Financial assets and liabilities are only offset in the Balance Sheet when, and only when there exists a legally enforceable right to set off the recognised amounts and the Company intends either to settle on a net basis, or to realise the asset and settle the liability simultaneously.

Basic financial assets
Basic financial assets, which include debtors and cash and bank balances, are initially measured at transaction price including transaction costs and are subsequently carried at amortised cost using the effective interest method unless the arrangement constitutes a financing transaction, where the transaction is measured at the present value of the future receipts discounted at a market rate of interest. Financial assets classified as receivable within one year are not amortised.

Financial assets are derecognised when and only when the contractual rights to the cash flows from the financial asset expire or are settled, or the Company transfers to another party substantially all of the risks and rewards of ownership of the financial asset, or the Company, despite having retained some, but not all, significant risks and rewards of ownership, has transferred control of the asset to another party.

Basic financial liabilities
Basic financial liabilities, including creditors, bank loans, loans from fellow group companies and preference shares that are classified as debt, are initially recognised at transaction price unless the arrangement constitutes a financing transaction, where the debt instrument is measured at the present value of the future payments discounted at a market rate of interest.
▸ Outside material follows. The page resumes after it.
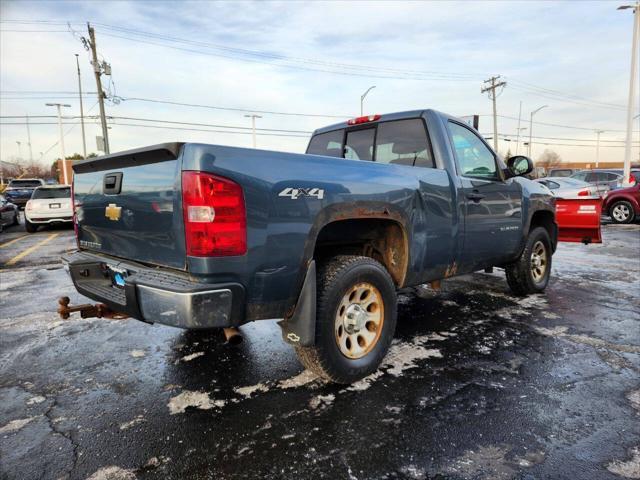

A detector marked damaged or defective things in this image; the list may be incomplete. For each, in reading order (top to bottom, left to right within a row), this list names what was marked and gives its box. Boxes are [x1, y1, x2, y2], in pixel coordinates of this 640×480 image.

rusty wheel [336, 284, 384, 358]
Financial liabilities classified as payable within one year are not amortised.

Debt instruments are subsequently carried at amortised cost, using the effective interest rate method.
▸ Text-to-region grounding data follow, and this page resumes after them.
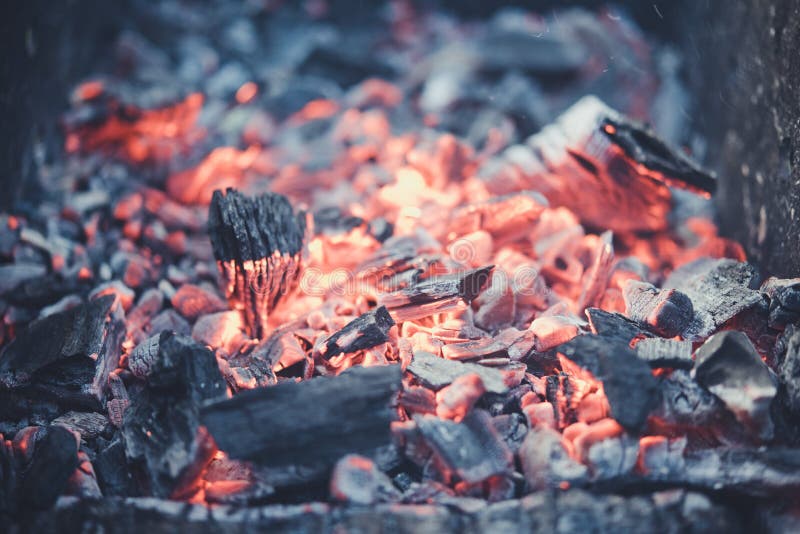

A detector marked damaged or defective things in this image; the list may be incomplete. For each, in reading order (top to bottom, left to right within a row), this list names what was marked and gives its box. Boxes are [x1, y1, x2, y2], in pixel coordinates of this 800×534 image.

charred wood chunk [16, 428, 79, 516]
burnt wood piece [17, 428, 79, 516]
burnt wood piece [0, 296, 122, 404]
charred wood chunk [0, 296, 122, 404]
burnt wood piece [122, 332, 228, 500]
charred wood chunk [122, 332, 228, 500]
burnt wood piece [206, 188, 306, 340]
charred wood chunk [206, 189, 306, 340]
burnt wood piece [200, 366, 400, 466]
charred wood chunk [200, 366, 400, 466]
burnt wood piece [318, 308, 396, 362]
charred wood chunk [318, 308, 396, 362]
burnt wood piece [378, 268, 490, 322]
charred wood chunk [380, 268, 494, 322]
charred wood chunk [406, 350, 506, 396]
burnt wood piece [410, 350, 510, 396]
charred wood chunk [412, 410, 512, 486]
burnt wood piece [412, 410, 512, 486]
charred wood chunk [520, 428, 588, 494]
burnt wood piece [556, 338, 656, 434]
charred wood chunk [556, 338, 656, 434]
burnt wood piece [584, 310, 652, 348]
charred wood chunk [584, 308, 652, 350]
charred wood chunk [620, 280, 692, 340]
burnt wood piece [620, 280, 692, 340]
burnt wood piece [632, 342, 692, 370]
charred wood chunk [636, 342, 692, 370]
burnt wood piece [664, 258, 764, 342]
charred wood chunk [664, 260, 764, 344]
charred wood chunk [692, 332, 780, 442]
burnt wood piece [692, 332, 780, 442]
Trade creditors are obligations to pay for goods or services that have been acquired in the ordinary course of business from suppliers. Amounts payable are classified as current liabilities if payment is due within one year or less. If not, they are presented as non-current liabilities. Trade creditors are recognised initially at transaction price and subsequently measured at amortised cost using the effective interest method.
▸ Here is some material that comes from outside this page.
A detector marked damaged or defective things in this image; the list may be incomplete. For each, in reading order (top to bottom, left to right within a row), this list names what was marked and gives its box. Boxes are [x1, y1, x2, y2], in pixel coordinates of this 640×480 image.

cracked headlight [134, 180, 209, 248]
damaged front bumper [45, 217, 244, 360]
Financial liabilities are derecognised when the company’s contractual obligations expire or are discharged or cancelled.

Equity instruments
Equity instruments issued by the company are recorded at the proceeds received, net of direct issue costs.

2. Employees

2023 2022
Number Number
Monthly average number of persons employed by the Company during the year, including directors 0 0

3. Tangible assets

Leasehold improve-
ments
Plant and machinery Fixtures and fittings Computer equipment Total
£ £ £ £ £
Cost
At 01 December 2022 8,551 80,743 3,308 1,050 93,652
At 30 November 2023 8,551 80,743 3,308 1,050 93,652
Accumulated depreciation
At 01 December 2022 8,551 80,743 3,308 1,050 93,652
At 30 November 2023 8,551 80,743 3,308 1,050 93,652
Net book value
At 30 November 2023 0 0 0 0 0
At 30 November 2022 0 0 0 0 0

4. Fixed asset investments

Investments in subsidiaries

2023
£
Cost
At 01 December 2022 100
At 30 November 2023 100
Carrying value at 30 November 2023 100
Carrying value at 30 November 2022 100

Investments in joint ventures Total
£ £
Cost or valuation before impairment
At 01 December 2022 1 1
At 30 November 2023 1 1
Carrying value at 30 November 2023 1 1
Carrying value at 30 November 2022 1 1

5. Debtors

2023 2022
£ £
Other debtors 332,562 332,246

6. Creditors: amounts falling due within one year

2023 2022
£ £
Trade creditors 2,740 5,189
Amounts owed to own subsidiaries 100 100
Other creditors 969,351 968,801
972,191 974,090

7. Related party transactions

At the balance sheet date, the company owed £124,000 (2022: £112,000) to McGovern Construction Services Limited, a company under common control.

At the balance sheet date, the company owed £63,000 (2022: £55,000) to McGovern Builders and Contractors Limited, a company under common control.

At the balance sheet date, the company was owed £330,397 (2022: £330,397) by Blackbird Lands Limited, an entity that the company owns 50% of. Prior to incorporation this amount was due from Kaden Management S.A., a BVI company.

8. Director's transactions

At the reporting date, the company owned £NIL (2022: £800,000) to the directors of the companies.